Each recommended workstream generates value through one or more of these mechanisms:

Category Definition How We Measure Example
Throughput gain More production from existing assets Tons/year x margin/ton Reducing unplanned downtime frees additional heats per day at the constrained asset
Cost avoidance Preventing failures and reducing waste Event cost x frequency reduction Cobble cost per event x cobble frequency x prevention rate
Direct cost reduction Spending less on inputs Current spend x % reduction $50M annual reagent spend x 5% optimization = $2.5M
Efficiency gain Same output with less effort Hours saved x loaded labor cost 2 hours/day of manual logistics planning x 365 days x labor rate
Risk mitigation Reducing probability or impact of costly events Expected loss x probability reduction Environmental compliance exposure, safety incident cost, knowledge-loss impact
Inventory optimization Reducing carrying costs Inventory value x carrying cost % x reduction % $104M parts inventory x 25% carrying cost x 10% reduction

Most workstreams touch two or three categories. We account for each separately and sum them — we do not double-count.

The Five-Step Estimation Process

For each workstream at each site, we follow the same disciplined process:

Step 1 — Identify the operational metric. What did your people tell us costs money? We trace every estimate back to specific conversations documented in the site initiative registries, with direct quotes and context.

Step 2 — Quantify the current state. What is the metric today? For example: 70% reactive maintenance mix, $50M in annual reagent spend, or 40 coil-movement trips per day. Each data point is tagged by source — whether it was confirmed by a stakeholder, estimated from available data, or benchmarked from comparable operations.

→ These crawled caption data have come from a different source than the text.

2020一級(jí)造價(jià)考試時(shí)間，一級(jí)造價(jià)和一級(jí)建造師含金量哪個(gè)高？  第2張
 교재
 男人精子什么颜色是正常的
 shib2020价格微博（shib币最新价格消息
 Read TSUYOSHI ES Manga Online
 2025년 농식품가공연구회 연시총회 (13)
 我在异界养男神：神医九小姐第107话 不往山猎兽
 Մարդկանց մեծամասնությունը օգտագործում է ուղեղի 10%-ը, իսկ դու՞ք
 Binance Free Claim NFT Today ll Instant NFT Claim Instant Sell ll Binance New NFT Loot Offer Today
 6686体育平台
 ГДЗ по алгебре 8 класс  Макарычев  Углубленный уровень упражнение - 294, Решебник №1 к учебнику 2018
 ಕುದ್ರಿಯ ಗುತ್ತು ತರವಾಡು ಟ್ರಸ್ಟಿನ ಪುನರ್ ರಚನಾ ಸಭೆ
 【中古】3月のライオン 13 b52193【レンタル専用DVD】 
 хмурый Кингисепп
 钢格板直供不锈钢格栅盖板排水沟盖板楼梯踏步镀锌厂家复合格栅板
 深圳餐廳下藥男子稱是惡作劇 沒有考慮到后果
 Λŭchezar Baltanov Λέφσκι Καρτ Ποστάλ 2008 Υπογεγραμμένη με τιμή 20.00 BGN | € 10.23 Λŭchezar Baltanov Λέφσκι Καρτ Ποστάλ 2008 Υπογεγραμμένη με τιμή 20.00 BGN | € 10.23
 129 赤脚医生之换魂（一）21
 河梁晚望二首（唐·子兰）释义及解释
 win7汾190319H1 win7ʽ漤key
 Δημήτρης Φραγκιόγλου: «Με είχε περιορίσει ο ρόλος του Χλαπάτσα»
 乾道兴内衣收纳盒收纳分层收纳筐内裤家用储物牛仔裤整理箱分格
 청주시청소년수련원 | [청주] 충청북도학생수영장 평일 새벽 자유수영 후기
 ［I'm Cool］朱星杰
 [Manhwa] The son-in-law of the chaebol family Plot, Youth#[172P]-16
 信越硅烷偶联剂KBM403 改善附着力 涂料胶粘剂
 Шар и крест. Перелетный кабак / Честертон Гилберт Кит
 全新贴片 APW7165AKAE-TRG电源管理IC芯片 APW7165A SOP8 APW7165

Step 3 — Define a realistic target state. Not a theoretical optimum — an achievable improvement given your systems, your people, and your operating constraints. We benchmark targets against CLF's own best-performing sites where possible, and against industry comparables where necessary. We always present a conservative target alongside a stretch target.

Step 4 — Calculate the delta. The gap between current state and target state, multiplied by unit economics, gives us addressable value. We then apply a capture rate — because no initiative captures 100% of addressable value. Our capture rates are:

  • 30-50% for early-phase quick wins (Horizon 1)
  • 50-70% for established initiatives with proven data (Horizon 2)
  • 70-90% for mature, fully integrated programs (Horizon 3)

Step 5 — Sensitivity check. What if the base metric is off by 20%? What if the improvement is half of what we estimate? We run these scenarios and present every estimate as a range: conservative, expected, and optimistic.

What We Do Not Do

  • No industry hand-waving. "Industry reports say steel companies save $X with AI" is not evidence. Our numbers come from CLF's own operations.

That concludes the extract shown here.